Ballad of John and Yoko : la dette implicite
Si l’on resitue “Give Peace a Chance” au printemps‑été 1969, l’argument d’un remerciement à McCartney trouve sa vraisemblance. Le 14 avril 1969, John et Paul entrent à Abbey Road et enregistrent “The Ballad of John and Yoko” en duo. Ringo est en tournage, George est absent ; le morceau doit sortir vite. McCartney joue basse, batterie, piano et chœurs ; Lennon assure chant et guitares. Quelques heures suffisent. Résultat : un numéro 1 britannique, un single charnière, presque un adieu à la légèreté beatlesienne. Dans ce contexte, maintenir Lennon–McCartney sur “Give Peace a Chance” peut se lire comme un signal d’amitié – une civilité au cœur d’une fin de règne.
Mais c’est bien Yoko Ono qui, aux côtés de Lennon, initie le dispositif et porte la charge conceptuelle du Bed‑In. En cela, l’aveu de John répond à une logique artistique : nommer la bonne co‑autrice.

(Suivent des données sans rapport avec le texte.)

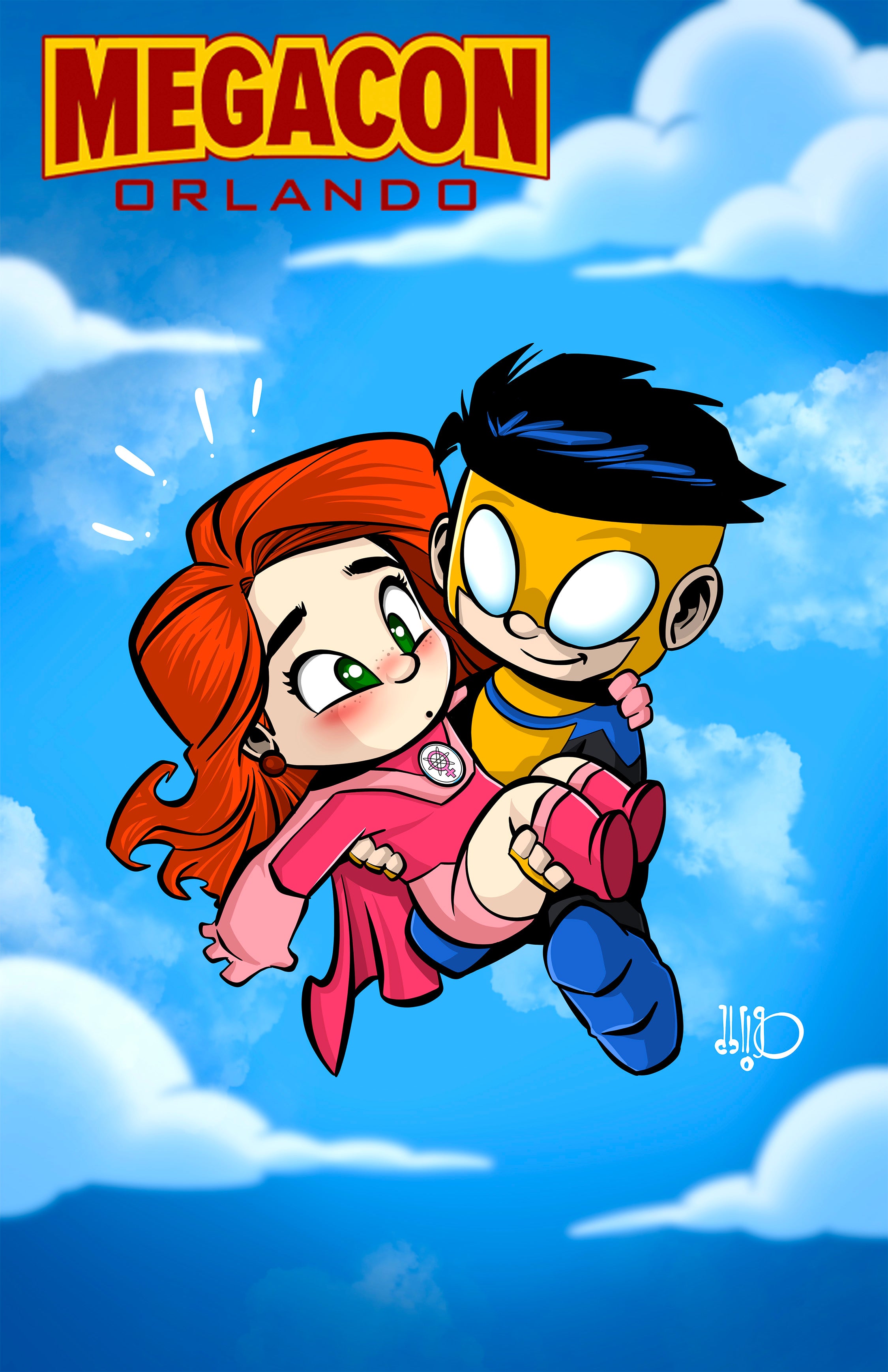 INVINCIBLE FOIL EDITION #1 FREELY ABRIGO MEGACON EXCLUSIVE VARIANT -- [03-11-26]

La politique de la signature : marché, mémoire, justice
La question de la signature n’est jamais seulement symbolique. Elle conditionne la mémoire – qui associe‑t‑on à une œuvre ? – et des droits très concrets. Dans l’univers Beatles, les crédits Lennon–McCartney ont permis une gestion centralisée et une valorisation hors norme du catalogue. Mais ils ont aussi dilué des apports. Au fil du temps, les héritiers, les maisons de disques et les éditeurs reconfigurent les mentions. Concernant “Give Peace a Chance”, plusieurs rééditions ont abandonné le double crédit historique pour ne mentionner que John Lennon, actant le caractère exogène du titre par rapport au partenariat initial.
Ce mouvement est parallèle à la reconnaissance tardive d’Ono sur “Imagine” : longtemps tenue pour muse plus que pour co‑autrice, Yoko a vu son rôle mieux établi à partir des années 2010. Si “Give Peace a Chance” n’a pas été ré‑officiellement crédité Lennon/Ono sur toutes les éditions, l’intention de Lennon – telle qu’il la formule – pointe clairement dans ce sens.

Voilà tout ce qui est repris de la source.